25. I have held that the applicants are entitled to a lien against the unrecovered portion of the decree in respect of even the earlier costs. I have stated that the liability to pay the earlier costs is of the Plaintiff and not of the Custodian. I have also stated that this chamber summons has not been directed against the Plaintiff. But in spite of these facts I am still of the opinion that the applicants are entitled to a declaration of lien and charging order in respect of earlier costs because the decree is not in favour of the Plaintiff alone but the same is in favour of the Custodian also. Because of the provisions of the Administration of Evacuee Property Act the amount which the Plaintiff would have been entitled to is recoverable by the Custodian and the decree has also been passed in favour of the Custodian together with the Plaintiff.
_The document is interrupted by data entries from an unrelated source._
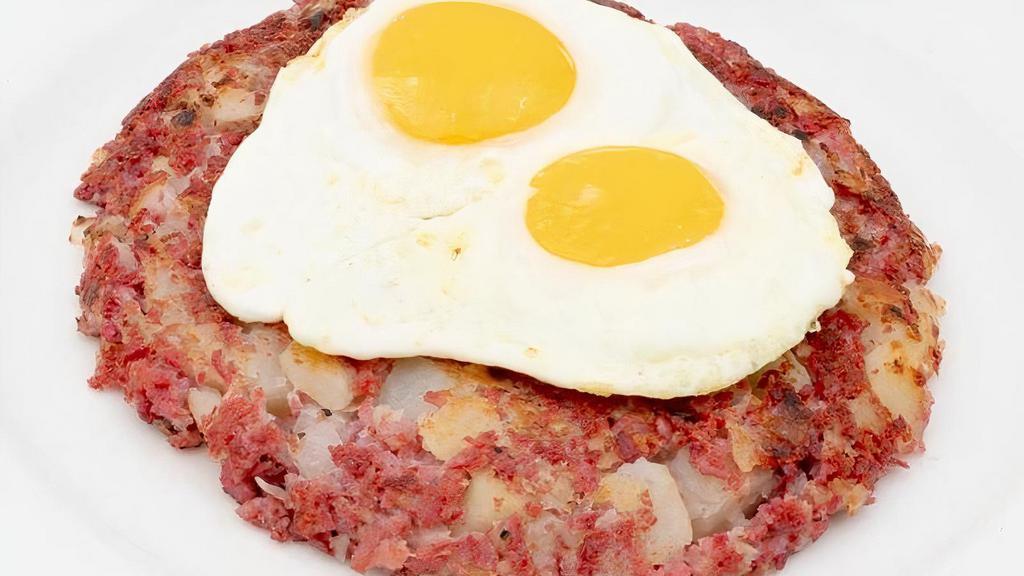 Corned Beef Hash And Eggs · 10 oz. Corned beef, potato, onion, and 2 over easy eggs. Served with choice of side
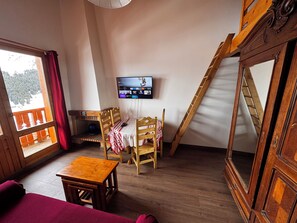 A room with a wooden floor, a television mounted on the wall, a wooden table, two chairs, a sofa, and a large mirror.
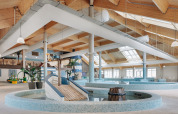 Espace piscine intérieur d’un hébergement glamping avec plafond bois, puits de lumière et toboggan.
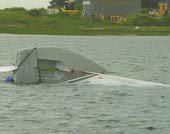 Capsized Sailboat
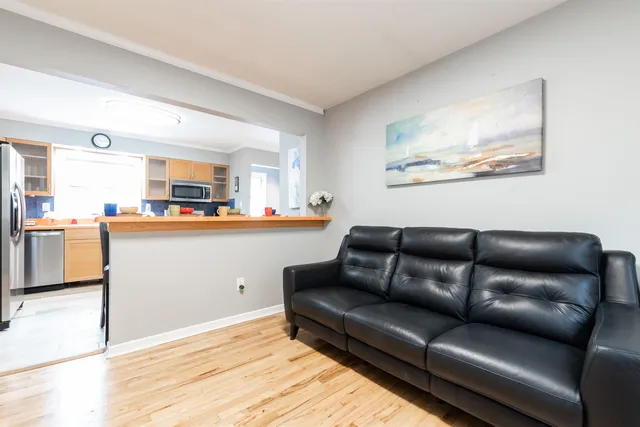 a living room with stainless steel appliances furniture and a kitchen view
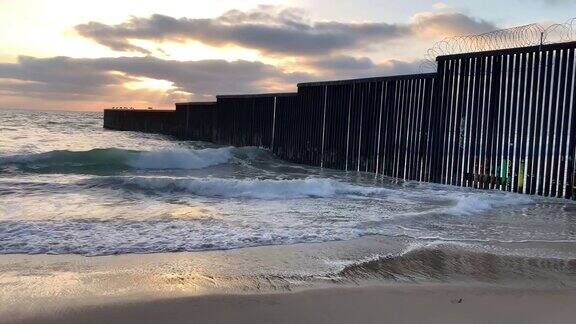 海滩和海浪的近景日落附近的国际边界墙在PlayasTijuana墨西哥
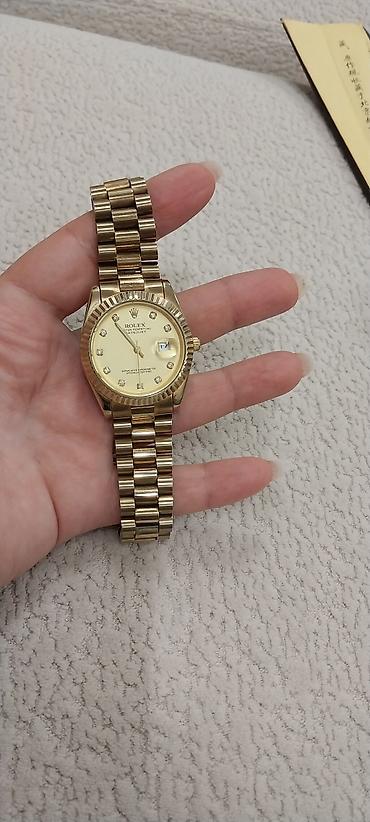 Rolex Oyster Perpetual Datejust qol saatı – qızılı rəngdə - Korpus və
The Custodian himself can directly recover the amount under the decree and I think that therefore a declaration of lien and a charging order in respect of the earlier costs should be made although this Chamber Summons is not directed against the Plaintiff.

26. Under the circumstances and in view of my above judgment I make the following orders i n respect of the various reliefs prayed for by this Chamber Summons, viz.,

In respect of prayer (a): there will be a declaration that the applicants are entitled to an attorney's lien, on the balance still remaining due & payable by the Defendants to the Plaintiffs under the decree dated 25-1-1955 passed in favour of the Plaintiff herein for the party and party and the attorney and client costs certified to the applicants under the Taxing Masters Allocatur herein dated 12-2-1957.

In respect of prayer (b): the Plaintiff No. 1 is ordered to pay to the applicants that part of the said costs certified by the said Allocatur, both party and party & attorney & client, which have been incurred on and after 16-8-1952. I direct that the Taxing Master do, out of the said costs certified by him by his said Allocatur dated 12-2-1957, separately allocate the costs, both party and party and attorney and client, as being payable for the period commencing from 16-8-1952.

In respect of prayer (c): I order that the balance still remaining due and payable by the Defendants to the Plaintiffs under the decree herein dated 25-1-1955 be and that the same is hereby charged with the payment of the said costs, both party and party and attorney and client, certified to the applicants under the Taxing Master's said Allocatur herein dated 15-12-1987.

27. The applicants have lost on certain points and the Custodian has lost on certain other points. The success of each party is fairly even. The fair order for costs would therefore be that each party do bear his own costs of this chamber summons.

28. The said allocatur dated 12-2-1957 is in respect of costs up to January 1956 only. The order made by me hereby is confined to the costs up to January 1956 and for the sake of clarity I may mention that this order doe snot in any way deal with the applicants' costs subsequent to the period covered by the said allocatur.

29. Order accordingly.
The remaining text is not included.